9.2. Synthesis of 4-(2, 6-diisopropylphenyl) amino-3-penten-2-one ligand (4):
Ligand 4 was synthesised by the reaction of 2, 4-pentanedione in methanol with 2, 6-
diisopropylaniline in presence of acetic acid under refluxing condition at 60 ◦C for 3 days (Scheme-
6). The ligand 4 was characterised by analytical/spectroscopic techniques.
28
Scheme 6. Preparation of 4-(2, 6-diisopropyl) amino-3-penten-2-one
In the 1H NMR spectrum of ligand 4, two doublet at δ=1.16 ppm and 1.22 ppm in 1:1 ratio are
obtained, which can be assigned as methyl protons attached to isopropyl groups on the aromatic
rings. The septet obtained at δ= 2.99-3.08 ppm for methyl protons attached with tertiary carbon
atoms for ligand 4. The multiplet resonance at δ= 7.16 – 7.31 ppm indicating the three aromatic
protons. A broad singlet at δ= 12.06 ppm is for NH proton indicating that the NH proton is
deshielded. The singlet peak at δ= 5.21 ppm can be assigned for the one proton of CH=C (NH)
group. The singlet signals obtained at δ= 1.63 ppm and 2.12 ppm indicating the methyl protons
adjacent to C=O group and δ= 2.12 ppm indicates the methyl proton adjacent to CN group. The
protons adjacent to C=O group is more shielded than protons attached with N-atom. In
13C{1H}NMR Spectra of ligand 4, peaks at δ= 19.2 ppm and 28.5 ppm are for carbon atom adjacent
to CNH-CH3 group and C=O group respectively. Carbon adjacent to C=O is more deshielded. The
resonance at δ= 29.1 ppm and 22.7 ppm are for tertiary carbon of isopropyl group and methyl
carbon of isopropyl group the aromatic ring. The peaks obtained at δ=146.3 ppm and 123.3 ppm
indicating the ortho and meta phenyl carbon respectively. The signals at δ= 163.3 ppm and 196
ppm can be assigned for the carbon atom adjacent to the NH group and C=O group respectively.
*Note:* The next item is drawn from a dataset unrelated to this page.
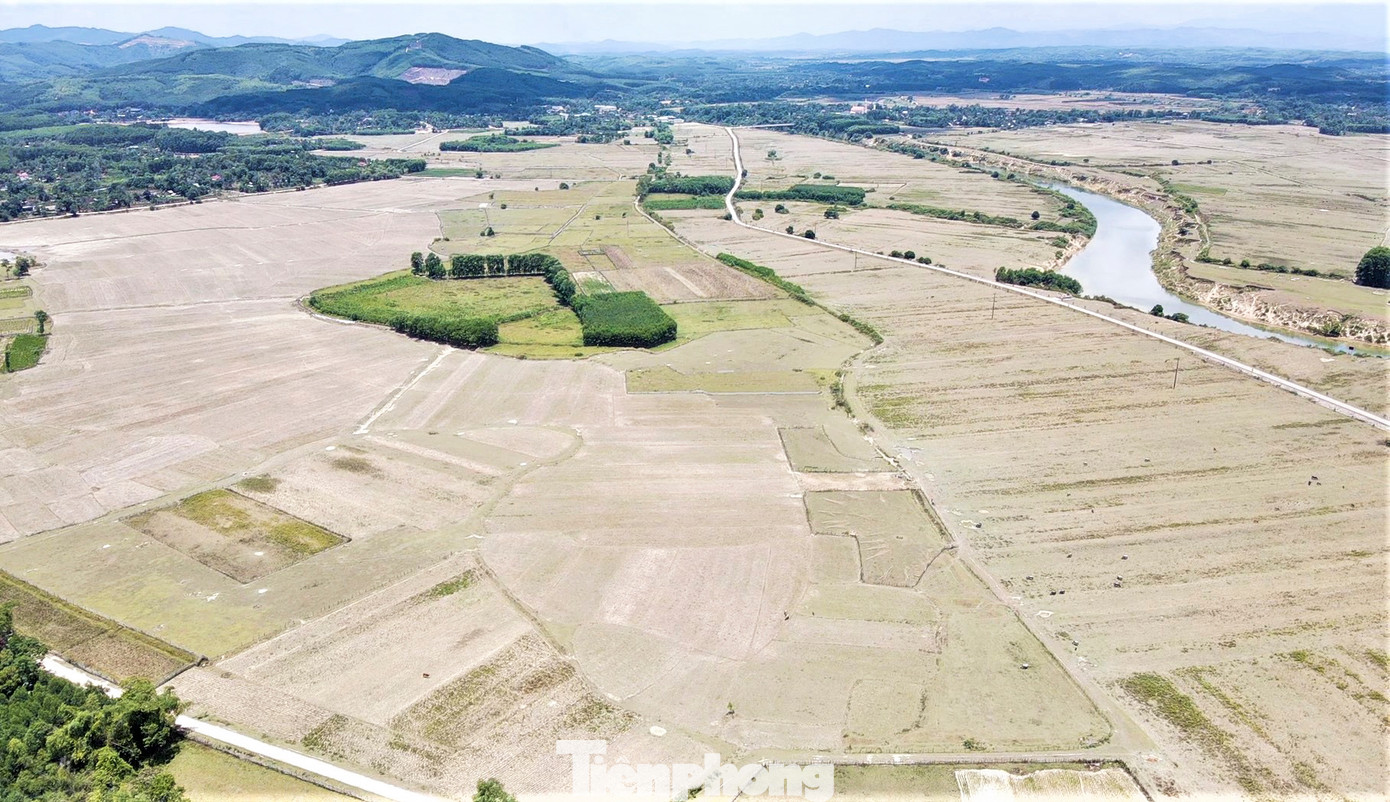 Nhiều diện tích đất nông nghiệp ở các xã Hà Linh, Điền Mỹ, Hương Thủy, Lộc Yên... không thể sản xuất vì thiếu nước.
The carbonyl carbon is more deshielded and for this reason its chemical shift value is high.
29
9.3. Zinc complex with 4-(N-2, 4, 6-trimethylphenylimino) pentan-2-one ligand (3):
The formation of Zinc (II)-complex takes place in presence of toluene on constant stirring and kept
overnight at 90 ◦C. Then evaporate the solvent under high vacuum. And then washed with n-hexane
and dried in vacuum. The white colored solid was recrystallized from toluene (Scheme 7). The
complex was characterized by analytical/spectroscopic techniques.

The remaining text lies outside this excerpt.